Our source in Bermuda though wasn’t so easily placated and set to work trying to discover whether we were dealing with general indifference or a more serious culture of obfuscation and secrecy.

A little bit of FOI discovery via the rights given under a Bermudan PATI (Public Access To Information Act 2010) application brought up our enquiry and a short email exchange between the Minister of Health and Seniors, Ms Jeanne Atherden and Permanent Secretary for Health and Seniors Dr Jennifer Attride-Stirling dated May 31 2016 .

Dr Jennifer Attride-Stirling
Source Bermuda Govt Website

CLR had asked about a published article in the Royal Gazette that mentioned that six applications for CBD products that had recently been approved and whether we could learn more about those approvals.

Attride-Stirling’s internal email to the Health Minister  about our enquiry  informed her “The non-response answer we’ll be giving is…..These applications are private / personal medical requests protected by patient confidentiality”

This set our source to wonder whether the medical cannabis legislation being set was actually of any benefit to needy patients, doctors wishing to prescribe or those outside government wishing to make medical cannabis an economically viable product in the self-governing British Overseas Territory.

Further digging revealed a little known provision under Section 12 of the Misuse of Drugs Act 1972 and Regulation 4 of the Misuse of Drugs Regulations 1973 that grants the Minister of National Security the authority to issue a license to possess controlled substances for medical and research purposes. Applications are submitted to the Chief Medical Officer,  and  a recommendation is made to the Minister of National Security, regarding approval. The Minister  can then sign off on the application and a license is issued.

One of the requirements of the application is that patients must find a doctor in Bermuda to “oversee treatment”. Patients revealed to our source that this is not as straightforward as it might appear as it became increasingly apparent to them that there is currently more than some reluctance among the medical community to be involved in prescribing medical cannabis to patients.

The Government claims that all applications thus far have been approved.

Further PATI requests revealed the number of applications made in relation to cannabis, derivatives of Cannabis or Synthetic cannabis since 2014 have been remarkably, well, small.

All were approved and the commercial import licenses were granted only for government use.

Commercial Import Licenses

2014   3

2015   0

2016   3

Personal Import Licenses

2014   1

2015   1

2016   3

Documents also obtained under PATI reveal where the  government is  currently sourcing their medical cannabis for research use and local patients.

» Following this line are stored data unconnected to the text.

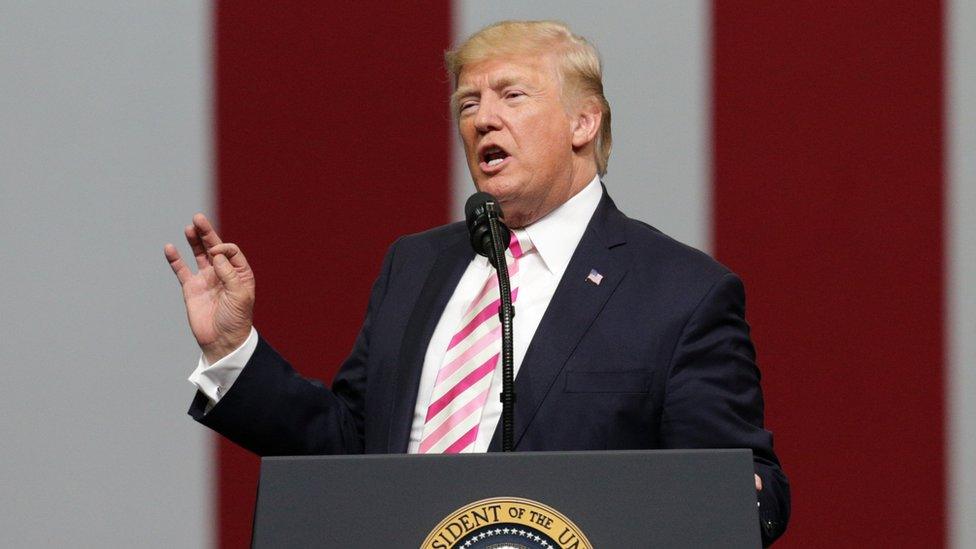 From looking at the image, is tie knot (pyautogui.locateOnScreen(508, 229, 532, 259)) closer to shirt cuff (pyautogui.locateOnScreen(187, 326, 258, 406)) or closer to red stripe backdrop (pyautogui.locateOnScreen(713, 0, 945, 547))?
shirt cuff (pyautogui.locateOnScreen(187, 326, 258, 406))

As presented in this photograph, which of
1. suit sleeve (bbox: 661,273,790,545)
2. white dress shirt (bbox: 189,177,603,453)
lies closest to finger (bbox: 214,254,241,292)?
white dress shirt (bbox: 189,177,603,453)

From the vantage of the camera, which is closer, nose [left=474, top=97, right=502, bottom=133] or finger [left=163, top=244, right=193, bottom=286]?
finger [left=163, top=244, right=193, bottom=286]

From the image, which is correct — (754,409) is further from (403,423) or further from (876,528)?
(876,528)

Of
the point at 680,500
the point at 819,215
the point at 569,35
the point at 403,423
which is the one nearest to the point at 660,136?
the point at 819,215

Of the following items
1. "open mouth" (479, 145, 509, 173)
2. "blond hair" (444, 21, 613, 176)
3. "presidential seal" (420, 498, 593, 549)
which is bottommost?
"presidential seal" (420, 498, 593, 549)

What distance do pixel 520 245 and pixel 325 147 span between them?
2.24 ft

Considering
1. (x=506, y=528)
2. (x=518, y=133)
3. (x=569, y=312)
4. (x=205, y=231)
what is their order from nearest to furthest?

Mettrum ( https://www.facebook.com/mettrum/)  Canada, who we note as an aside, Health Canada had to add new terms and conditions to their operating license after the company was caught using the banned pesticide myclobutanil in their products in late 2016.

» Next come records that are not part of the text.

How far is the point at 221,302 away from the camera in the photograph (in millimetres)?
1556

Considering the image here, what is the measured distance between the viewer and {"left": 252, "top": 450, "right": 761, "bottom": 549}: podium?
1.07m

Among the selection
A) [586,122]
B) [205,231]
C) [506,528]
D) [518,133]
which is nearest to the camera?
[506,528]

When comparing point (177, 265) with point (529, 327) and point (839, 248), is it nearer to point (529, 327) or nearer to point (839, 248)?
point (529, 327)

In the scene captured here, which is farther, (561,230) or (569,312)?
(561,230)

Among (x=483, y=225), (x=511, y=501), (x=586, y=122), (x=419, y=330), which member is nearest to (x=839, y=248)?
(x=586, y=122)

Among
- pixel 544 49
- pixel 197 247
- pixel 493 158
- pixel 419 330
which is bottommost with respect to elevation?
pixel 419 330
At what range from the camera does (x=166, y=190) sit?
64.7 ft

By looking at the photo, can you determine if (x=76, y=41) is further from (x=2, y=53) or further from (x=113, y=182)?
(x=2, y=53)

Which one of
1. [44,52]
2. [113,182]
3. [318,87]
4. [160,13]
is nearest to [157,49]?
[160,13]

Other suppliers include Cannimed (https://www.cannimed.ca/) Canada, Aunt Zeldas http://azcannaoil.com/  in California, Bluebird Botanicals (https://www.bluebird-botanicals.com/)  in Colorado and the CBD Store Washington State.

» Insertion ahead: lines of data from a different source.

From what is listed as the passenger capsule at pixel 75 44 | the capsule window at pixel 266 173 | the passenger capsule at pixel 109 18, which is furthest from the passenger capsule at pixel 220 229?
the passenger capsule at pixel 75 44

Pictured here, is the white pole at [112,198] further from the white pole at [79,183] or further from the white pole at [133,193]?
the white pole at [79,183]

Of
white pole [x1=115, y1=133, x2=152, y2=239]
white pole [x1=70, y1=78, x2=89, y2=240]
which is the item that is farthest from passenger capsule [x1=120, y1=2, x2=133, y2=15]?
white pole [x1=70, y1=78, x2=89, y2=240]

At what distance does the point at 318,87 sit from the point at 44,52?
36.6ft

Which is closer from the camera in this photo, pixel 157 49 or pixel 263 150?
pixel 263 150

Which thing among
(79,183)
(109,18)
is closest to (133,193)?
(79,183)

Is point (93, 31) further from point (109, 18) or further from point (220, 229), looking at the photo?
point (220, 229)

So, although there may  be nothing particularly untoward about the Bermudan government’s handling of the system they have so far devised for a regulated medical cannabis market, we’d suggest that spending all that time and energy in the process of creating and implementing legislation in order to source some medical cannabis from a few Canadian & US retailers seems somewhat pointless and then wrapping it all up in a veil of semi-secrecy with no educational programme for the medical community suggests a severe lack of forethought on the part of politicians and bureaucrats.

Finally, what it all looks like, from the outside anyway,  is a raft of missed  financial and business opportunities that could provide a generation’s worth of employment and educational opportunities for Bermudans , never mind the  taxation benefits for the government and the virtual eradication of the recreational black-market . Even Jamaica’s proposed regulated system isn’t as flawed as this.